|Lotus Suite 1-4, FL. 22
Creating health systems of the 21st century to provide high quality care for today’s health problems requires modernizing, improving, and streamlining the way people receive and pay for health care. Growing health needs due to aging and epidemiological transition collide with challenging realities in countries at all income levels: inadequate infrastructure and too few health providers in low-income countries; budget-busting provision of comprehensive health services for all in middle-income countries; and layers of high-cost care in high-income countries. Fully tackling these challenges will require new resources for health – and wiser allocation of existing resources – to keep up with rising demand, and to fairly provide the benefits of advanced technology to all.
Of the projected $80 billion increase in health investments needed by 2030 to meet SDG 3, more than 60 percent is needed to grow NCD services, and 85% is expected to come from domestic resources (SDG Health Price Tag, WHO 2018). And yet many countries, including India and multiple countries in Africa, have deprioritized health within government budgets in the past 15 years. Middle-income countries struggle to meet new promises against tight budget ceilings. Solutions are multi-faceted and multi-partner. The primary responsibility for meeting health needs lies with governments, but external resources will be required to fill the large vacuum in NCD control in the poorest countries of the world. Other LMICs can accelerate progress toward UHC by augmenting existing resources with technology, technical assistance and partnerships. External resources can come from multiple sources, such as official development assistance (ODA), loans – both at concessional and commercial rate, the private sector, and innovative financing. Internal resources are predominantly generated from the public sector, where efficient delivery of services is paramount to achieving greater coverage for NCD needs.

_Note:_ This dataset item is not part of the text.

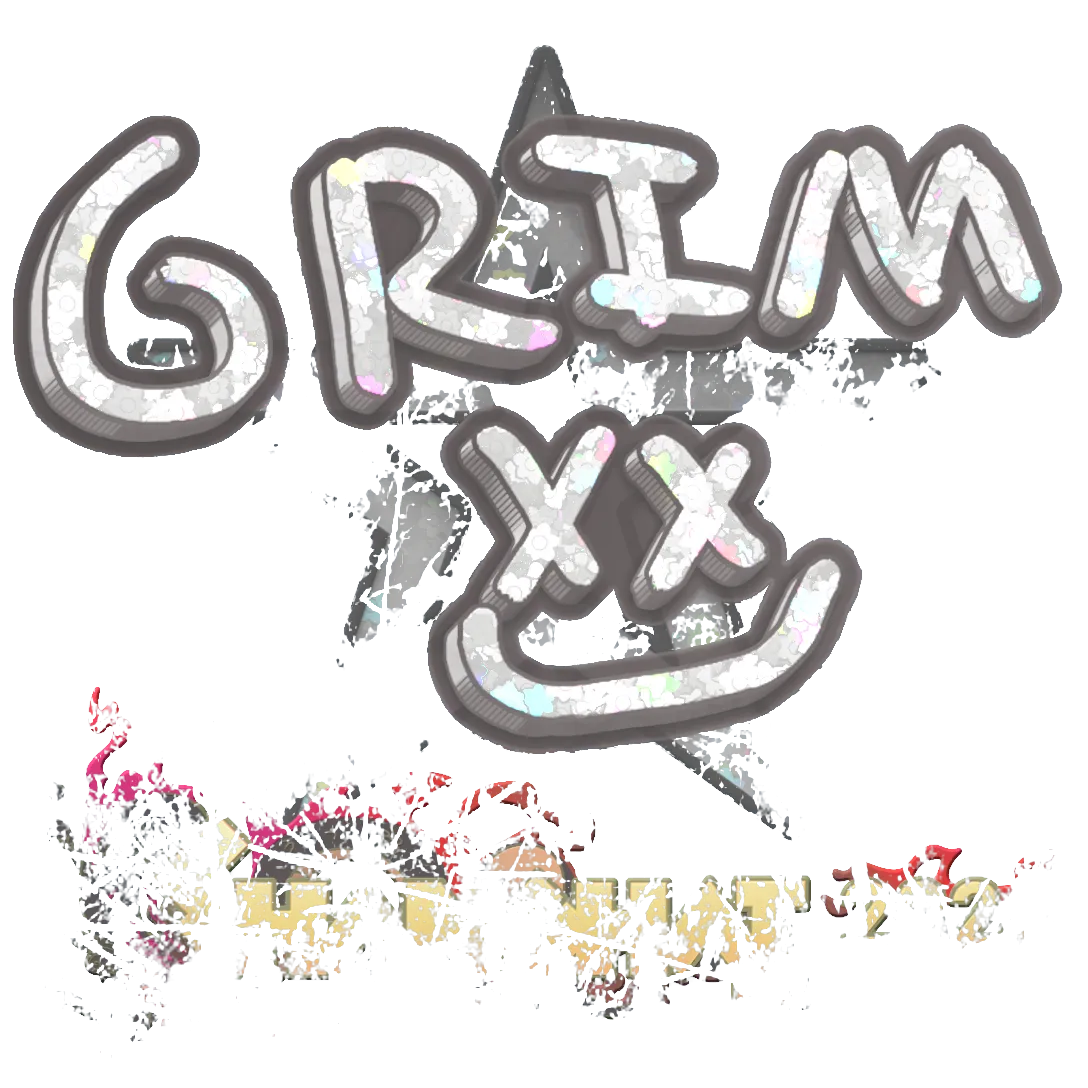 Sticker 50%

This session provides a close look at sources of funding for NCDs in LMICs by looking at historical trends in funding from official and non-official donors, as well as LMIC governments. It examines the financing gap for NCDs, globally and for selected countries, and projections of how that gap will be narrowed by 2030. Finally, the session offers examples of funds mobilization from a variety of sources – public, private, and innovative. It features representatives of organizations that are co-creating customized financial mechanisms and arrangements to close the NCD financing gap.